With returning back to work, I realized that unless I made significant changes in my off-work activities, I would never finish the book I wrote for NaNoWriMo 2008. At the same time, I felt pulled in a million directions by things that were not book writing. All of them needed to be done (or so I thought), and nagged at me every time I sat down to write.
What I came to realize is that I had to take definite steps to clear out the minutiae so that I could get on to the book.
Getting Rid of the Nagging Tasks
By the time I started back to work after an almost three month hiatus (read: unemployed), I had wrapped up many on-going projects that had been sitting on my lists for months or years. There were also things I had started in that time frame but had not completed.

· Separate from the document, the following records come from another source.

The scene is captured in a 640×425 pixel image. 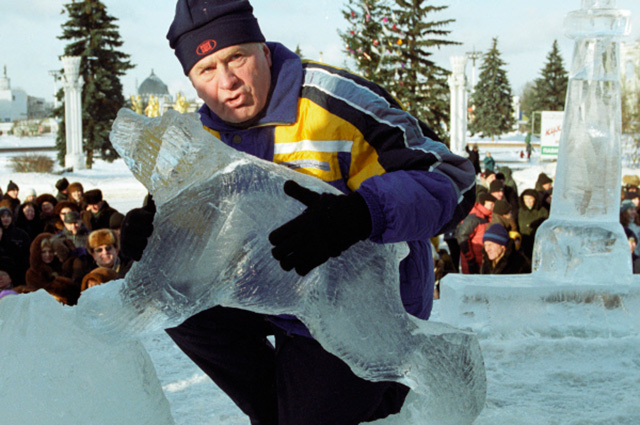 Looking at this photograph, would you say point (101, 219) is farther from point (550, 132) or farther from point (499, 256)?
point (550, 132)

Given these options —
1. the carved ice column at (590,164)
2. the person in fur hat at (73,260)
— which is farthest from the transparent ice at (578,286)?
the person in fur hat at (73,260)

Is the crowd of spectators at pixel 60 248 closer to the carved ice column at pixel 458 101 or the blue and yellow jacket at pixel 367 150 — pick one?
the blue and yellow jacket at pixel 367 150

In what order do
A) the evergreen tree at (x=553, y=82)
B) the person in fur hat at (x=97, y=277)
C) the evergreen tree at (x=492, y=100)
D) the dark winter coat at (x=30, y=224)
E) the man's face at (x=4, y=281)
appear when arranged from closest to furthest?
1. the person in fur hat at (x=97, y=277)
2. the man's face at (x=4, y=281)
3. the dark winter coat at (x=30, y=224)
4. the evergreen tree at (x=553, y=82)
5. the evergreen tree at (x=492, y=100)

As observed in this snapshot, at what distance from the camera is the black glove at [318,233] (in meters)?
1.55

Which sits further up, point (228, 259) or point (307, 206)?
point (307, 206)

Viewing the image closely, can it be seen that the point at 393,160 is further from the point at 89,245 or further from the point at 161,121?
the point at 89,245

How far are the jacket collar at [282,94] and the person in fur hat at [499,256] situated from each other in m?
3.99

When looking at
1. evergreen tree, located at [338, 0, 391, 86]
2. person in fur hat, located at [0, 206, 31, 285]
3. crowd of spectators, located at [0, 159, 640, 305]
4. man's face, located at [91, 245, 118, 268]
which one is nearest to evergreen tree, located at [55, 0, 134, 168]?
evergreen tree, located at [338, 0, 391, 86]

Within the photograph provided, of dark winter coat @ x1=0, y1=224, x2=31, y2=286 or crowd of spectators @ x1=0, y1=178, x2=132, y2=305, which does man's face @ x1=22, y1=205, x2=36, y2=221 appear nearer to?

I started working with Mark Forster’s Autofocus System, and I was amazed to see that many of the outstanding items were quickly checked off. By putting everything on a single list and scanning that list for what “grabbed” me, I naturally gravitated to complete the many quick but nagging tasks that had been sitting on the list. After four days of using the technique, I had cleared out 30 little tasks.
But still, there was too much to do, and I was resisting writing because of the volume of items on my lists.
The Mental Shift
It took a mental shift to get me to free up the rest of my time. I decided to table many projects…for the time being. Not forever, or to be reconsidered at some unnamed date, but for a month.
Take for instance a quilting kit I had received for the holidays in 2006. I managed to get the top put together during my hiatus. I want desperately to finish this project just because it has been laying around for a long time. While I really resisted putting it back on my someday/maybe list (means “rarely or never” in actuality), I was able to make myself mentally comfortable by putting it off for a month. At the end of the month, I can reconsider if once again it needs to take the back seat to my writing.
The shift is a matter of semantics, I know. I am still putting off the project. But what I have done is to renegotiate with myself so that I can put it off knowing I have set a date to re-examine its priority.
Difference from GTD Someday/Maybe
The difference is in how I view the actuality of accomplishment. I still have a someday/maybe list that gets looked at maybe every six months. These stalled tasks are not in that classification. They are still active, but with deferred start dates, so they have not slipped into the abyss of the “someday”.
By using this approach, I feel comfortable leaving things behind. The only task on my lists right now, outside of the daily life maintenance stuff, is the book. I spent a few days clearing out what I could, then I tabled everything else temporarily.